With the pictures left out, write out exactly the lines of the listing below that run from the line with "Est 1960 Retro" through the line with "GRD9L-R reklozer z".

DATA FOR REVIEW Start Marker

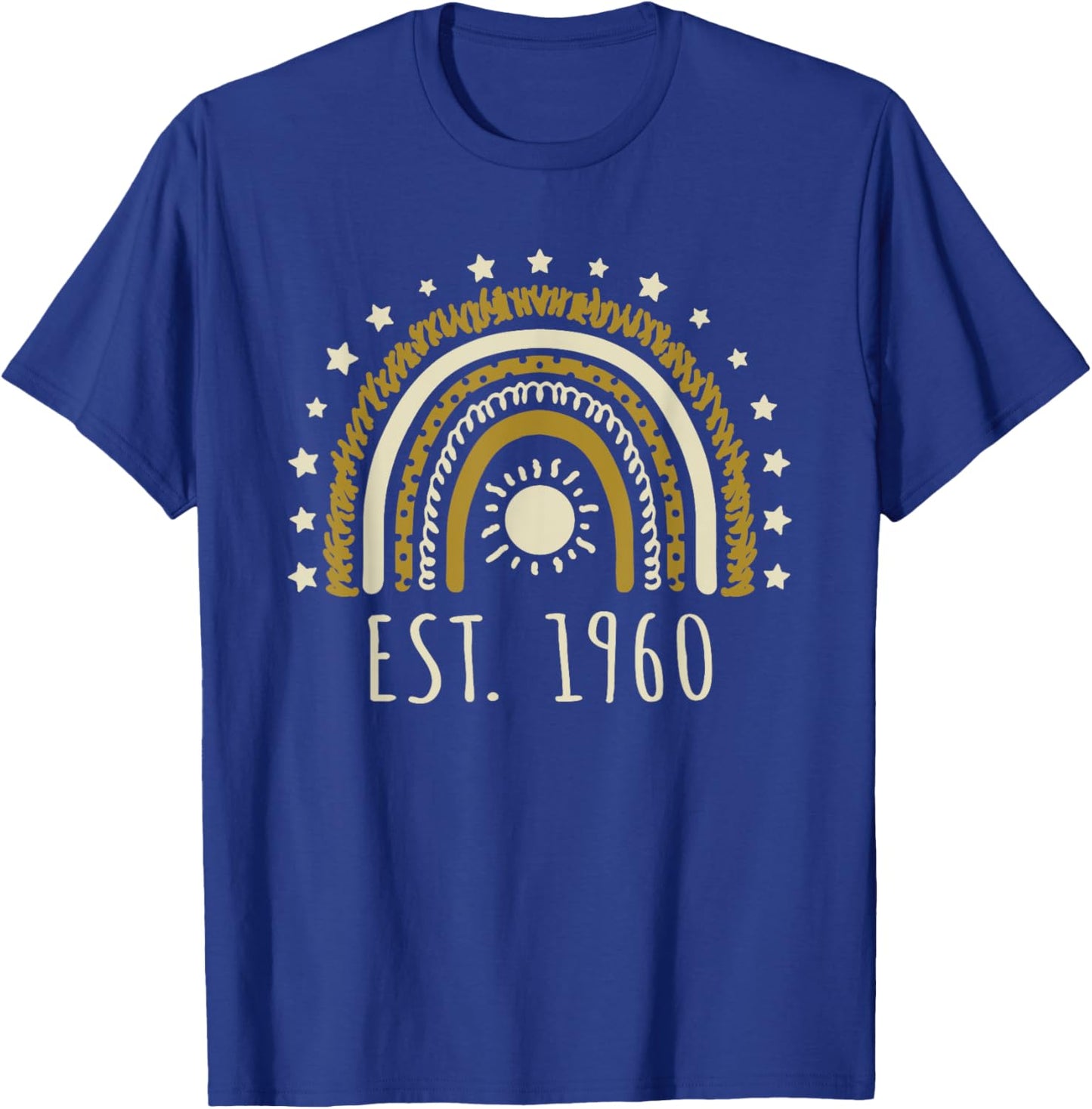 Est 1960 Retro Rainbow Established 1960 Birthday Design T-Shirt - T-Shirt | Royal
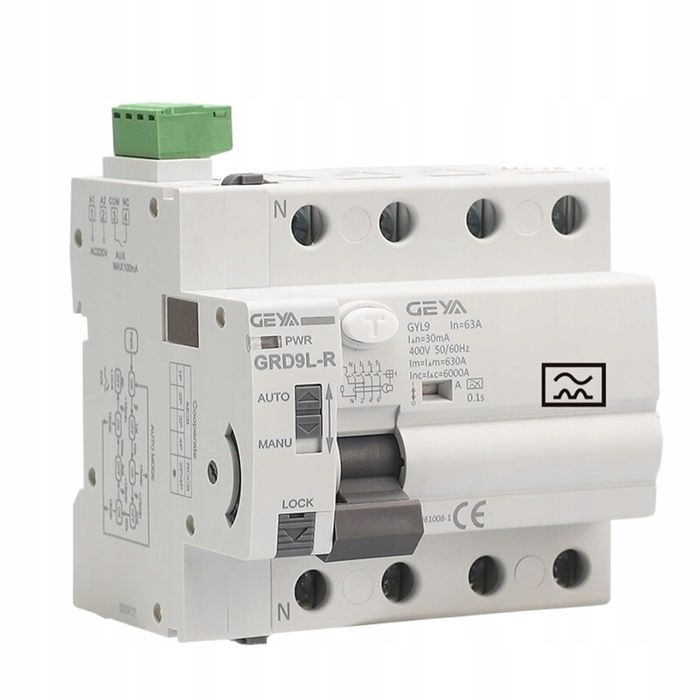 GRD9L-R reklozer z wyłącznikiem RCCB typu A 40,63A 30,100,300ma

DATA FOR REVIEW End Marker
DATA FOR REVIEW Start Marker

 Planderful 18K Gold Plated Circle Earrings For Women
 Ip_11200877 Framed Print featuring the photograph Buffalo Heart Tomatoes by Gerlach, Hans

DATA FOR REVIEW End Marker

> **EXERCISE SOLUTION**:
 Est 1960 Retro Rainbow Established 1960 Birthday Design T-Shirt - T-Shirt | Royal
 GRD9L-R reklozer z wyłącznikiem RCCB typu A 40,63A 30,100,300ma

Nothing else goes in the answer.